A l’évidence, le rétablissement de l’image de l’Algérie à l’étranger ne pouvait pas être entièrement accompli sans le recouvrement de la paix interne. La Charte pour la paix et la réconciliation nationale, approuvée par voie référendaire en 2005, avait ainsi consacré dans une grande mesure le retour de la paix et de la stabilité en Algérie. Il est vrai que cette Charte est intervenue après un travail profond, à savoir la loi sur la rahma puis la concorde civile.

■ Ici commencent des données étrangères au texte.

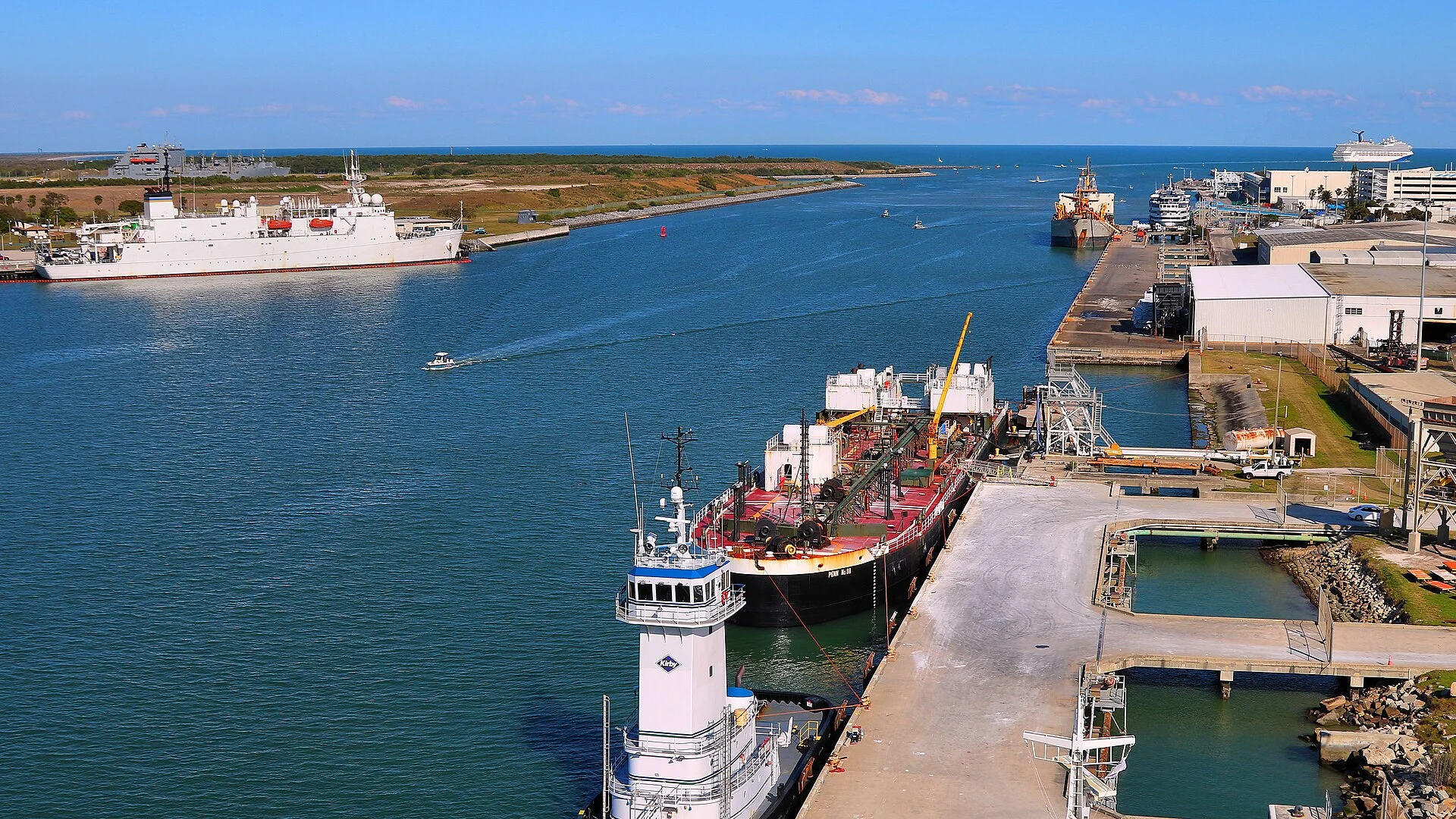 Die Hafeneinfahrt von Port Canaveral mit Schiffen an den Kais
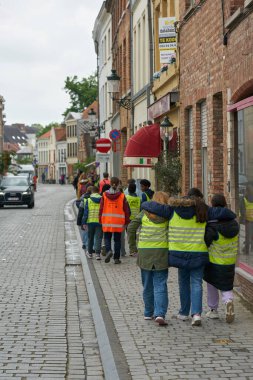  Bruges, Belçika 15 Mayıs 2024: Okul sınıfı Belçika 'nın Bruges şehrinde yürüyor                              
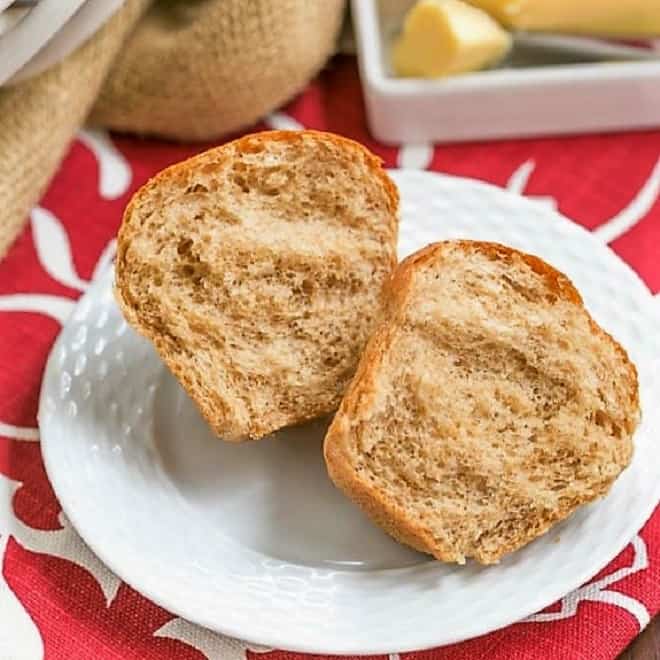 Whole Wheat Dinner Rolls - That Skinny Chick Can Bake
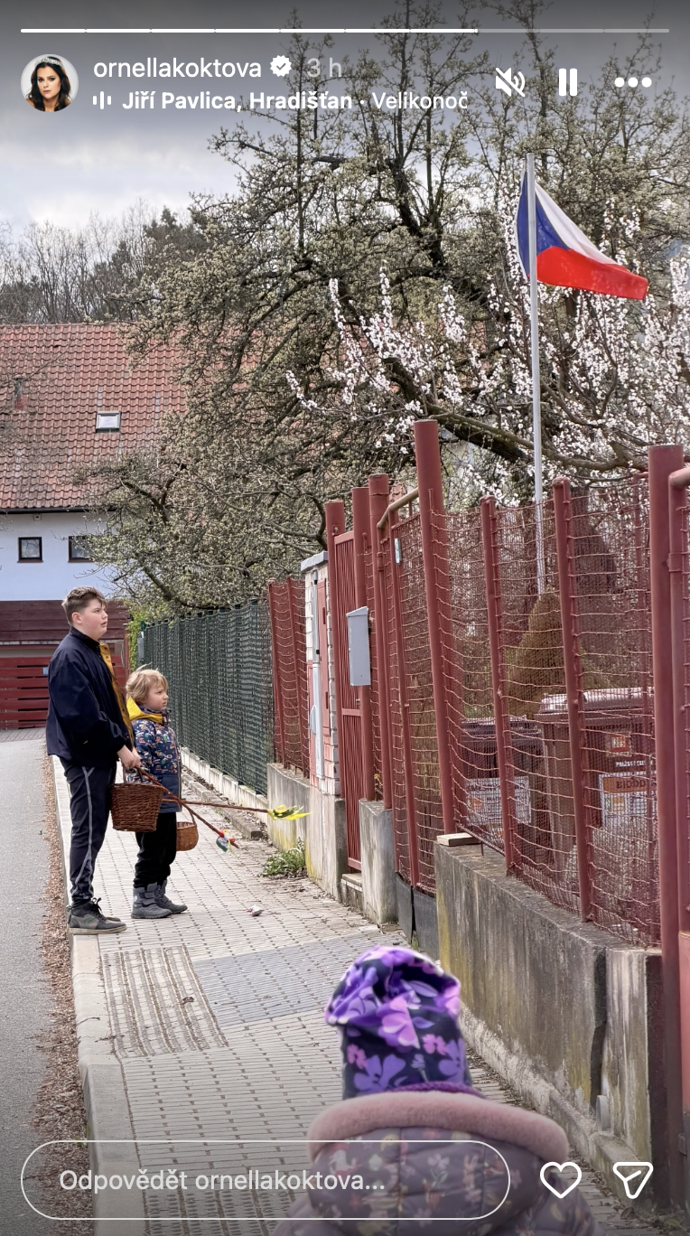 FOTO: Ornella Koktová tráví Velikonoce se svými dětmi. – stránka 5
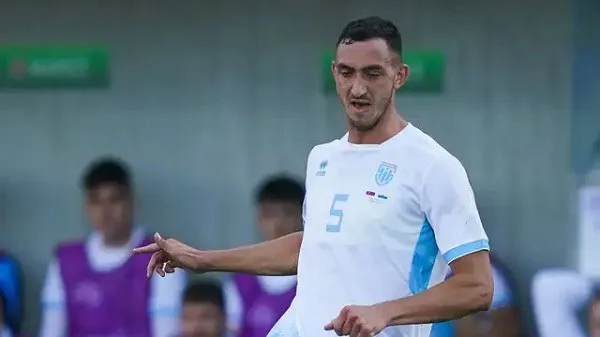বাংলাদেশের ফুটবল খেলোয়াড় মাঠে প্রশিক্ষণরত. Channel i News - চ্যানেল আই নিউজ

Il faut reconnaître que le mérite revient aux efforts du président de la République qui avait bravé les poches d’opposants à la réconciliation et les familles des disparues, lesquelles sont dans leur droit d’exiger davantage de lumière sur les leurs. Il a expliqué alors que l’Algérie doit être mise au-dessus de toute considération, insistant sur le retour de la paix et de la sécurité, clé de tout développement.

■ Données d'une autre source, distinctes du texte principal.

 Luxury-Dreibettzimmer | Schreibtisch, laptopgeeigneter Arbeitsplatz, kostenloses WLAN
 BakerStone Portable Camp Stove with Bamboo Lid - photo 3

Sous l’ère Bouteflika, il faut aussi reconnaître que le pays a rattrapé des retards incommensurables en matière de relance de développement socioéconomique, malgré des manques dus à des facteurs exogènes et à une conjoncture internationale de plus en plus difficile.
En ce sens, le président Bouteflika a pu faire sortir le métro, plongé dans un tunnel obscur depuis les années 1980. A cela s’ajoutent le lancement du tramway, l’autoroute Est-Ouest, la construction de grands barrages hydrauliques ayant mis fin à la récurrente et grave pénurie de l’alimentation en eau potable, notamment le grandiose projet de transfert de l’eau de In Salah vers Tamanrasset.
L’effacement de la dette extérieure de l’Algérie est également un acquis pour le pays qui a recouvré, pour ainsi dire, sa souveraineté après avoir été soumis à des ajustements structurels imposés par les institutions financières mondiales.
Autant de projets et d’acquis que retiendra l’histoire de l’Algérie et Sellal avait toutes les raisons de demander aux Algériens de rendre hommage à un homme qui aura marqué l’histoire contemporaine du pays.